Now here &a and a is same, I don't clearly understand logic why is it so. Can I say that value of a is same as &a and *(a) is a[0]. (But how a is not a pointer). In case of dynamic array things are clear to me.

int *da = new int[10];

value of da is base address, &da gives the address where pointer is stored, and we deference da to reach da[0].

Answer 1

They are not the same.

a is an int[10] type; an array .

&a is a pointer to an int[10] type.

In certain situations (passing to functions, when used in arithmetic expressions), a decays to an int* type.
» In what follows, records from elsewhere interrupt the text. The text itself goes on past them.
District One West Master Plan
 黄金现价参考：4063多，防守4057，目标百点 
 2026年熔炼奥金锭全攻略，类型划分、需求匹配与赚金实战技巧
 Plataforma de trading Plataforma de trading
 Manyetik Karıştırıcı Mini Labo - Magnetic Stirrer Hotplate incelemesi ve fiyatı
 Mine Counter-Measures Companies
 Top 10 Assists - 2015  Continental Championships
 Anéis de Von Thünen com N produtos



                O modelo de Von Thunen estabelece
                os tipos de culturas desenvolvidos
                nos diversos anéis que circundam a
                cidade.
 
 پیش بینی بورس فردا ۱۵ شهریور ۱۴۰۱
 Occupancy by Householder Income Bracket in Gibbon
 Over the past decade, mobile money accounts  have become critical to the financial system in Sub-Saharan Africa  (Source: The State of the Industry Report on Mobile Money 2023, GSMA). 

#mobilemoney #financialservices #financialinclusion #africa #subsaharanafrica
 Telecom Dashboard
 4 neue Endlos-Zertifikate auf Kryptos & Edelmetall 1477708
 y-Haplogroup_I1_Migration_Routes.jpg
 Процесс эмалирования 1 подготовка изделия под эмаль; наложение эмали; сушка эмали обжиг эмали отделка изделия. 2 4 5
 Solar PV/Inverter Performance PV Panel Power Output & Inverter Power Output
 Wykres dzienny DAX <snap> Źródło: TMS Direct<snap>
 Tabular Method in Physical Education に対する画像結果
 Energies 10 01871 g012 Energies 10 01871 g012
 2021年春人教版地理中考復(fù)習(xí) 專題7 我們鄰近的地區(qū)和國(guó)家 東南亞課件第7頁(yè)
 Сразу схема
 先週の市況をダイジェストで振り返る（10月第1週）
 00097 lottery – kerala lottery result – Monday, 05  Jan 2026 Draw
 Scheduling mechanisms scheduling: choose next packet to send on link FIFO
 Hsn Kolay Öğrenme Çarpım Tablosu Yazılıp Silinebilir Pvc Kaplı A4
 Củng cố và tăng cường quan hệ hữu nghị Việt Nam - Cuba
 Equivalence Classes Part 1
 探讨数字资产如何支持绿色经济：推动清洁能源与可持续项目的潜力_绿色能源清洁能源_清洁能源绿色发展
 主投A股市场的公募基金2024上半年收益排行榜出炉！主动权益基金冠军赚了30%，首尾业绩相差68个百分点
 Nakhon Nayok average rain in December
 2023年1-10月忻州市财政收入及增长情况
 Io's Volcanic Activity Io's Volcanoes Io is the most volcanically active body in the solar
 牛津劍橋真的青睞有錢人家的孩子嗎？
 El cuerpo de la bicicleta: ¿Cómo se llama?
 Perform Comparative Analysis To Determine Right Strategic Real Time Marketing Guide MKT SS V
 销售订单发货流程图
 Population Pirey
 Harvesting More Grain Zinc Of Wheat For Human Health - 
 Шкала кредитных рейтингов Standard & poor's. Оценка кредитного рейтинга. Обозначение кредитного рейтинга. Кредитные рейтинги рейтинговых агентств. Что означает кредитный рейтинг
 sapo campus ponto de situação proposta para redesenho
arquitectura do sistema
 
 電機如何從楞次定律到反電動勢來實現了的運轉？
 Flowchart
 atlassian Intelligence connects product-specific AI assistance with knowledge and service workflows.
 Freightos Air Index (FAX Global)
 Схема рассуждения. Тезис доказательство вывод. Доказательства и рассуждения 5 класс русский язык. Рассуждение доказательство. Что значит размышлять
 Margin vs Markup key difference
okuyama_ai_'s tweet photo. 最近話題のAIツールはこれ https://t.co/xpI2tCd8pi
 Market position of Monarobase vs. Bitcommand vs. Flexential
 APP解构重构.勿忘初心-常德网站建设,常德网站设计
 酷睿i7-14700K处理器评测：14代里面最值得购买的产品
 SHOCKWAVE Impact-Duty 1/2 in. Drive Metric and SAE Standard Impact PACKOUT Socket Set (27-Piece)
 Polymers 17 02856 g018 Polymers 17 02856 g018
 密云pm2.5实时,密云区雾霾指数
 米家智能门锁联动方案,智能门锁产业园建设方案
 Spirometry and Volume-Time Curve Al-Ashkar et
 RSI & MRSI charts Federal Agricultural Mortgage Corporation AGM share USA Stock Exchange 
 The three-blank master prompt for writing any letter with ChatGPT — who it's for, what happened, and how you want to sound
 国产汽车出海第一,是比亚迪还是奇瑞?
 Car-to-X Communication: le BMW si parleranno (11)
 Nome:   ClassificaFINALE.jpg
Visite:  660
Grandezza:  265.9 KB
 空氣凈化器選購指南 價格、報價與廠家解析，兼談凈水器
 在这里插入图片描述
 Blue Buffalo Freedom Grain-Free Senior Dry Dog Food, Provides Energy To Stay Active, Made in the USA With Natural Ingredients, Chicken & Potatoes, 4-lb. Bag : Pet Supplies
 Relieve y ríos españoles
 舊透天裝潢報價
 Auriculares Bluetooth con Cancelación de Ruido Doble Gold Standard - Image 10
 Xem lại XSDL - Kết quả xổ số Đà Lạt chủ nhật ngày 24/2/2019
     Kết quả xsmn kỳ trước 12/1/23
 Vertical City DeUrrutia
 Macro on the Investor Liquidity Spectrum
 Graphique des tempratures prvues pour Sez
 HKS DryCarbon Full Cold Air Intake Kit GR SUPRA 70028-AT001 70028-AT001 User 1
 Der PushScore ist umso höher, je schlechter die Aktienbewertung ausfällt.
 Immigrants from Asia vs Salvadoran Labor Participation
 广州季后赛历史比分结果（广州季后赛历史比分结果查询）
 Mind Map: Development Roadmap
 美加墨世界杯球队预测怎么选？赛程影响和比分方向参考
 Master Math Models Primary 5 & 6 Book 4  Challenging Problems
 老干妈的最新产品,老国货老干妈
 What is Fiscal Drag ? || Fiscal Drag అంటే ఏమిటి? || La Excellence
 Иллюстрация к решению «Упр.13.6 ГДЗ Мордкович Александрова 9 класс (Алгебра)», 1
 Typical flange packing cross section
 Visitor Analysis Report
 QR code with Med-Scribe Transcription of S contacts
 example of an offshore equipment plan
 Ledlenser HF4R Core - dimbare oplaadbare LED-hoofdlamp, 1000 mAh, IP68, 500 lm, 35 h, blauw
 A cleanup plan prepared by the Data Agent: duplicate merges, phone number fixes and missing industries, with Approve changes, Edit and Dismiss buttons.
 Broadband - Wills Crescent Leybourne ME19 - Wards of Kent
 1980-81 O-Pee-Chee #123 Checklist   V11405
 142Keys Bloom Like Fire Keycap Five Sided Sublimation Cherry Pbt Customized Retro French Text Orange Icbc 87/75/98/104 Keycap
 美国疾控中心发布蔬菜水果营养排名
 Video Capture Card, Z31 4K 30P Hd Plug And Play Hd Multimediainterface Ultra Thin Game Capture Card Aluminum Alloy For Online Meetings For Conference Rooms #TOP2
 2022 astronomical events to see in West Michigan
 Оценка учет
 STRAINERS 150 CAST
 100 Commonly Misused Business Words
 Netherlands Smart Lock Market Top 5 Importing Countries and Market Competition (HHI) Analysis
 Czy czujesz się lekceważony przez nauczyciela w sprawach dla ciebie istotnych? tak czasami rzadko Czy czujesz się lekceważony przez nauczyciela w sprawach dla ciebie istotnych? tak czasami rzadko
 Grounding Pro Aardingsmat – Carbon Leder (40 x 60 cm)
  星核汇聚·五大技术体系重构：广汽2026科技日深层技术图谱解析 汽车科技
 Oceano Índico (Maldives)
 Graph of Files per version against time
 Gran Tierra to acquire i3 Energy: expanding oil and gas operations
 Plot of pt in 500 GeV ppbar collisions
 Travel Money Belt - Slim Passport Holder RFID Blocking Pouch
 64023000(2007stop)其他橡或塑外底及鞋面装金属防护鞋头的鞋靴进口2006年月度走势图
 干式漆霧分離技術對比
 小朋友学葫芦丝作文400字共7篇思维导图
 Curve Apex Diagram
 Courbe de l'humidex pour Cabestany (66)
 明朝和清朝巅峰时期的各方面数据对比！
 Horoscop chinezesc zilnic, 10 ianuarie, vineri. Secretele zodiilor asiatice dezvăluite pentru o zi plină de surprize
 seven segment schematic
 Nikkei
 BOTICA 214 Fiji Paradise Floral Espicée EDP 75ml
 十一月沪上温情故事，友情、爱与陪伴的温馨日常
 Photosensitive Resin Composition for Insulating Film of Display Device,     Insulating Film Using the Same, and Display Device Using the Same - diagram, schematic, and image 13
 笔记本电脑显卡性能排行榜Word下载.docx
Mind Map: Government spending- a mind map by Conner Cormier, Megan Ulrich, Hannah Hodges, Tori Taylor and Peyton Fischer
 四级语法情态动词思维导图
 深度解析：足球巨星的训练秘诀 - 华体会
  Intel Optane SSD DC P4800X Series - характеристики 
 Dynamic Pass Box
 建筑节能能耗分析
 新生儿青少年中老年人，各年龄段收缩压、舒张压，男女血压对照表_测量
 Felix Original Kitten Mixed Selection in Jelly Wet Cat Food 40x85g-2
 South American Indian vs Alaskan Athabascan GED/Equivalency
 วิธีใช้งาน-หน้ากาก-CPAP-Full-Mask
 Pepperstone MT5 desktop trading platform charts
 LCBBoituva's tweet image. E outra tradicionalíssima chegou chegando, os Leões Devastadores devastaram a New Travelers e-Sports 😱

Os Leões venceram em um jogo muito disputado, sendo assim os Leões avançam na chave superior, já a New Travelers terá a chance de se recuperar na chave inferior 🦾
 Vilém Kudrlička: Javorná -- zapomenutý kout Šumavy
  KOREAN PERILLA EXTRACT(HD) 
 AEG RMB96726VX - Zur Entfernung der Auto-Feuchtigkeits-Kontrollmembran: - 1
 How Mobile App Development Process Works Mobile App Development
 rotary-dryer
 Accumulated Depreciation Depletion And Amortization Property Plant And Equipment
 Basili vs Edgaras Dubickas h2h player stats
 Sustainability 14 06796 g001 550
You can then use pointer arithmetic to reach other elements of the array. That could be what is causing your confusion.

da is an int* type.

The only thing that decays to itself is a function pointer .

Answer 2

well 'a' and '&a' are definitely not the same

int a[10] takes up a specific block from memory to allocate exactly 10 integers and this block is called a.

'&a' refers to the memory address of this memory block of 10 integers you made. it's like you have a hotel room (the array of 10 elements) in your hotel. And (your memory address) '&a' refers to your room number, your address.

now saying for example int *p = &a means I'm making an integer pointer 'p' that can only point to integers, and i'm giving it the memory address of 'a' (the array of integers) so it can point to it.

so :

int a[10] is your hotel room;

&a is your room number;

*p = &a is the key chain attached to your room number (ur keychain points to ur room number, your address);

this is why sometimes we use : int *da = new int[10]; to immediately allocate in memory a space for 10 integers and directly point a pointer (in this case da) to it.

Hope this helps.